一切の法のために縛せられず、すべてを捨てて、渇愛尽きて解脱した。
みずから覚りて誰をか師といおう。
われには師もない。等しい者もない。
この世にはわれに比すべき者はない。
ただひとりなる正等覚者にして、清く涼やかなる涅槃を得たのである。】
この【この世にはわれに比すべき者はない】が
【天上天下唯我独尊】の伝説になったと見ています。
仏陀の死後、急速に、仏陀の神格化や他の教えとの優位性、独自性の強調が進んでいきました。
しかし、歴史上の仏陀は、ウパカの『師は誰か』という質問への答えとして、『私には師はなく等しい者もない。無上の悟りを開いたのだ。』と言ったのです。
そして後世、仏陀が生まれた直後に『天上天下唯我独尊』と宣言したという伝説ができていきます。
質問の答えとしての偈の一部だけを切り取って、生まれてすぐ『天下で唯、我だけが尊い』と宣言したことになりました。

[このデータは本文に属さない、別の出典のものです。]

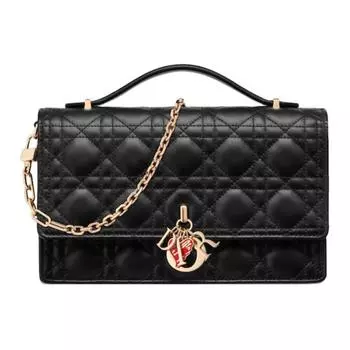 DIOR Сумка через плечо из овчины, женская, черная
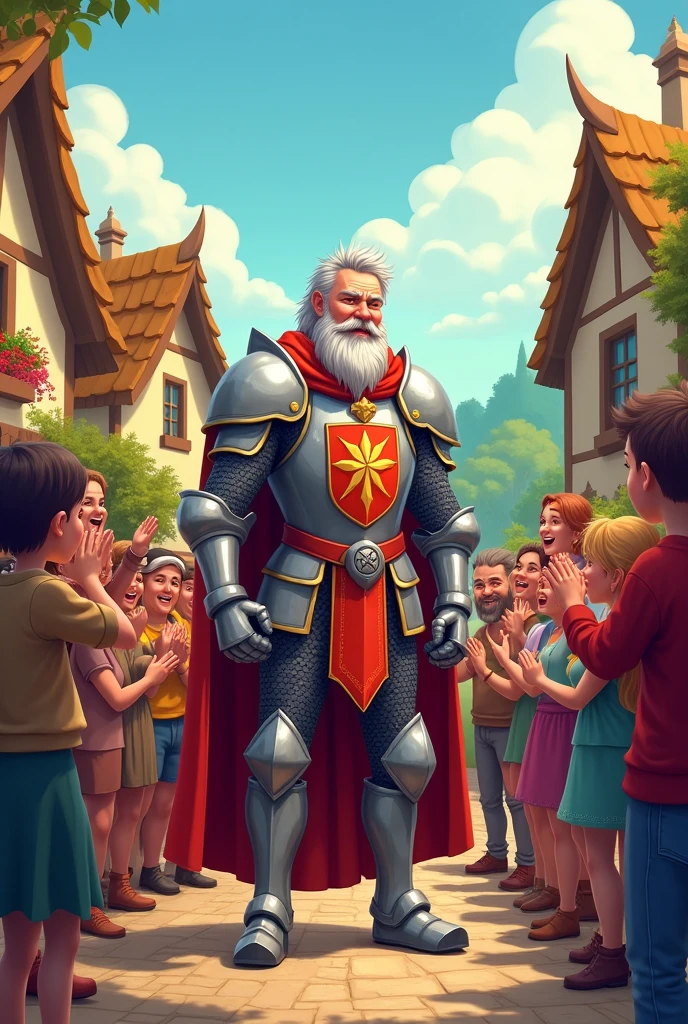 A medieval knight in a children's cartoon style in a village being applauded by happy villagers for his feat.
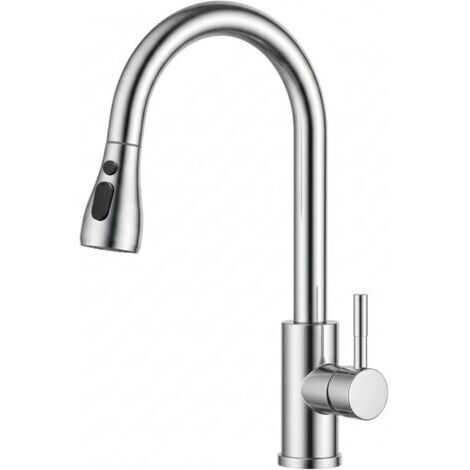 Robinet Cuisine Douchette Extractible Pivotant 360° – Mitigeur Cuisine Évier Arc Élevé en Acier Inoxydable, Robinet Flexible avec 3 Modes Jet, Tête Pulvérisation Extractible (CHROME POLI)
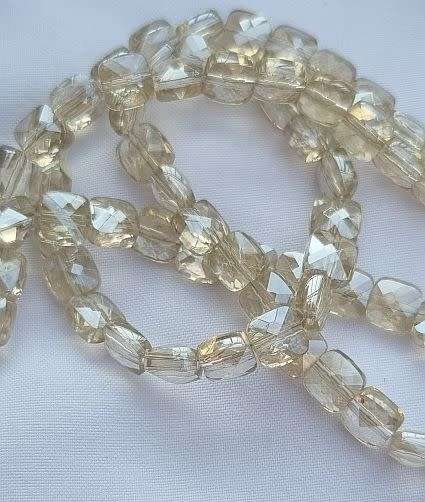 20pc x 6mm Light  Champagne/ Flat /  Square / Faceted Electroplate Glass Beads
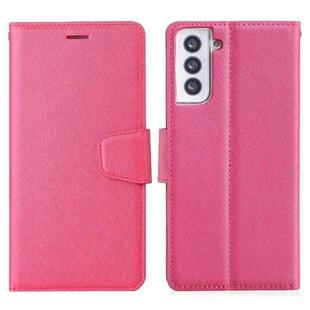 For Samsung Galaxy S21 5G Silk Texture Horizontal Flip Leather Case with Holder & Card Slots & Wallet & Photo Frame(Rose Red)
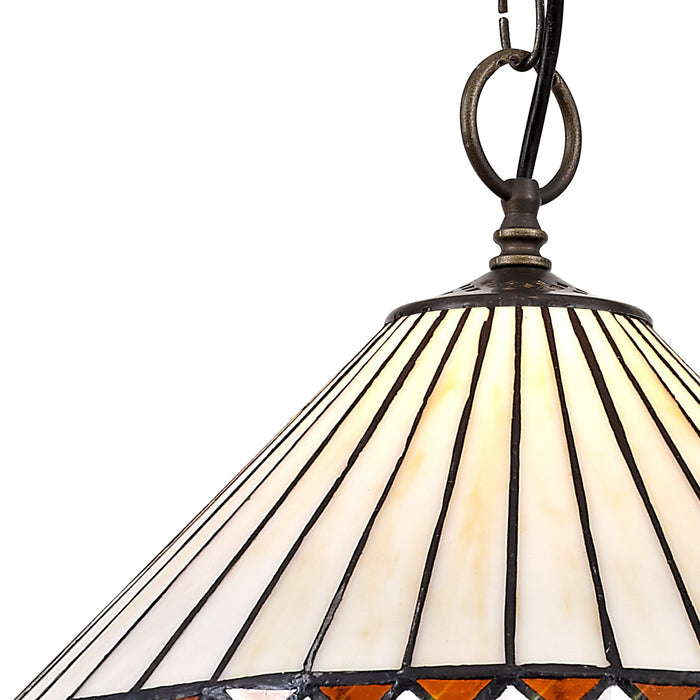 Nelson Lighting NLK02209 Tink 1 Light Down Lighter Pendant With 30cm Tiffany Shade Amber/Chrome/Crystal/Aged Antique Brass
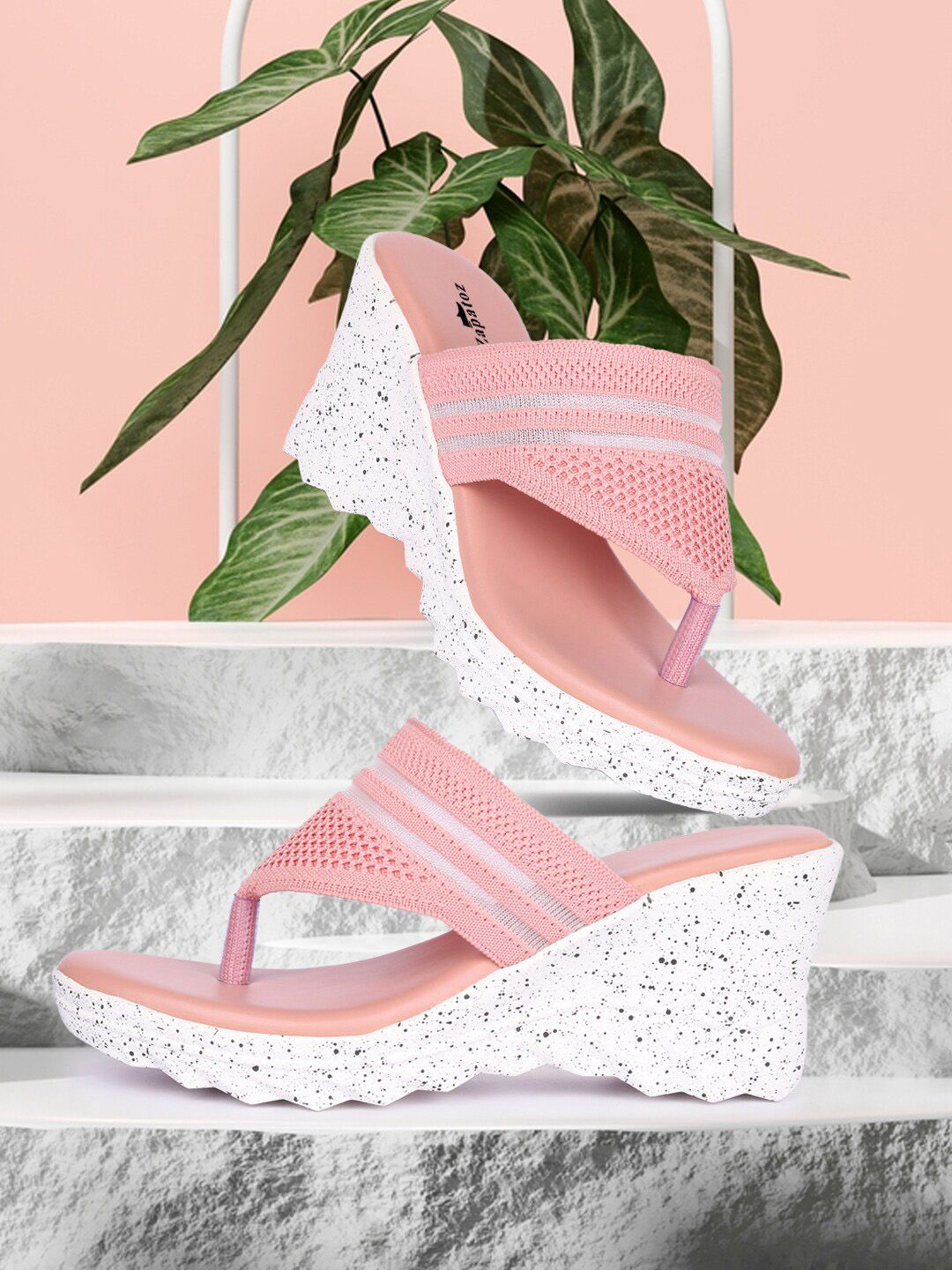 ZAPATOZ Pink PU Open Toe Wedges Price in India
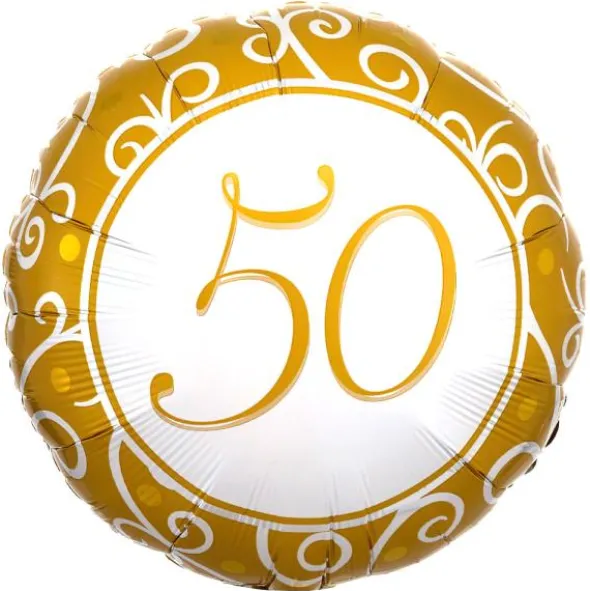 50 Års Folieballong Guld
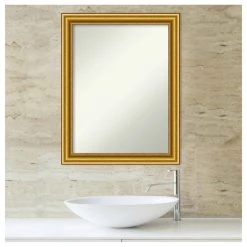 Amanti Art Townhouse Gold Wood Framed Non-Beveled Bathroom Wall Mirror 21.5 X 27.5 In -Laural Home Shop 3a91701d02bdde1b 5750 w800 h800 b1 p0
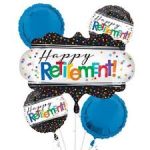 Happy Retirtement Balloon Bouquet Inflated with Helium and attached to Weight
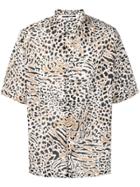 Mcq Alexander Mcqueen Billy Ss Leopard Print Shirt - Neutrals
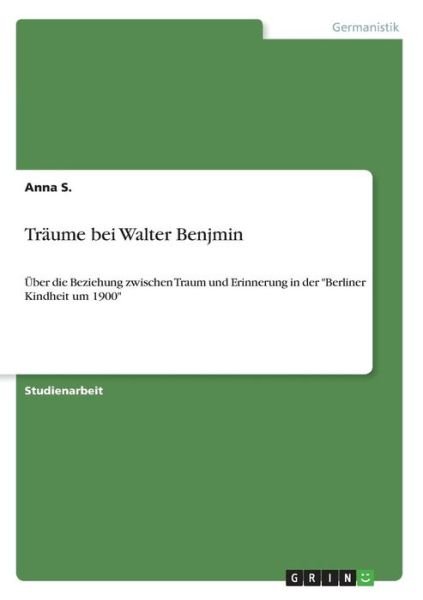Cover for S. · Träume bei Walter Benjmin (Bok)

仏教なるものができていく過程において、このように歴史上の仏陀の真意とは変質していくことが起きたと思っています。
というのは、ウパカとの対話には続きがあります。
ウパカが仏陀にこう問います。
『尊者よ、あなたは何によって、自ら一切勝者であると認めるのであるか?』
仏陀は
『もろもろの悪しき法に勝てるが故に
われは勝てる者と称するのである。
なんじ、もろもろの煩悩を滅ぼさば
われとおなじく勝者と称するがよい。』
と答えます。
仏陀の真意、そして仏陀の教えの本質は、
この仏陀が言った言葉にこそ現れており、
煩悩を滅すれば自分と同じ勝者なのだ、ということです。
後世にどんどん進んでいった、仏陀の神格化、特別化は
仏陀の真意から遠ざけてしまうものだと考えています。